And the world of currencies I alluded to earlier on, but the euro has had a bit of a
bounce back. It’s up about 3% or 4% against most of the major currencies in the
past month and the US dollar has taken the brunt of the selling, down about 5%.
Of course, that’s a big move for the currencies and particularly the world’s biggest
reserve currency. And the pound has benefited again from the coalition but also
from dollar weakness, so the pound against the dollar is up about 5%.
In the world of commodities, we’ve had a big bounce back in some of the

                agricultural commodities and wheat is the star of that particular show; it’s up 17%
                in the past month, so a very decent performance there.
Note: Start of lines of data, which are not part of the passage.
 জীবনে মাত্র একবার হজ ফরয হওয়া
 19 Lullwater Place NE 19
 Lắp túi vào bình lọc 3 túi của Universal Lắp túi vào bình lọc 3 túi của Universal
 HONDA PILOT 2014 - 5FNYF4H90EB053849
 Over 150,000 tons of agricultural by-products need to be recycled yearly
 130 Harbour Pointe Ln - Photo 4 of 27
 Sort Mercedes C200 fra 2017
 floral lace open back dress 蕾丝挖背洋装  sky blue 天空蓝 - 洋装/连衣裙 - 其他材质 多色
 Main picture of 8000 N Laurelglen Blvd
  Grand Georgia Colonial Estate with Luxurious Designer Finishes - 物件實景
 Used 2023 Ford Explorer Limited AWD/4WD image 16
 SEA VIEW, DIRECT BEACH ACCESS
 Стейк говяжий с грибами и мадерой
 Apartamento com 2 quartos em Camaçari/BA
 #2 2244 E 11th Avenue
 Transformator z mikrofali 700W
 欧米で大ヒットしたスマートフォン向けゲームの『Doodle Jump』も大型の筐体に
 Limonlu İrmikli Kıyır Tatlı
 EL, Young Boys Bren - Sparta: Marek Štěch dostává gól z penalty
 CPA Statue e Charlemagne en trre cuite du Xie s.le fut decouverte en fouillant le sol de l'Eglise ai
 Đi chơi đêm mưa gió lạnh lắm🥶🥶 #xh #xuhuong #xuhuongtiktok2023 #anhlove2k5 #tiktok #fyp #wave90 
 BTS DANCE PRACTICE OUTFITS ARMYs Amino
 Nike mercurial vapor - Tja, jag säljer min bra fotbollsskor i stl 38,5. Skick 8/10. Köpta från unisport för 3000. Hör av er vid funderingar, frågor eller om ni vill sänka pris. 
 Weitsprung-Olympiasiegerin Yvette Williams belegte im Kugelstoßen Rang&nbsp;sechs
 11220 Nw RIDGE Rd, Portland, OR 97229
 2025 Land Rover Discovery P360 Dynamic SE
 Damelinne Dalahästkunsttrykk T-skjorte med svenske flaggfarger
However, one of the other
                agricultural commodities, palm oil, is actually the worst performing commodity all
                round, down 2%/2½% over the past month and gold is not far behind it, down
                about 2%. It’s the first monthly fall in gold we’ve seen for a while. It may be a bit
                of profit taking but I suspect it’s also partly to do with the fact there’s slightly less
                fear round about sovereign default in the very short term.
                That sort of finishes my part of the presentation. I’m going to hand over to James
                now and, as I say, we’ve sort of highlighted this is faltering recovery and he’s
                going to look particularly at why we think that may be coming through in the US
                and in China. Over to you, James.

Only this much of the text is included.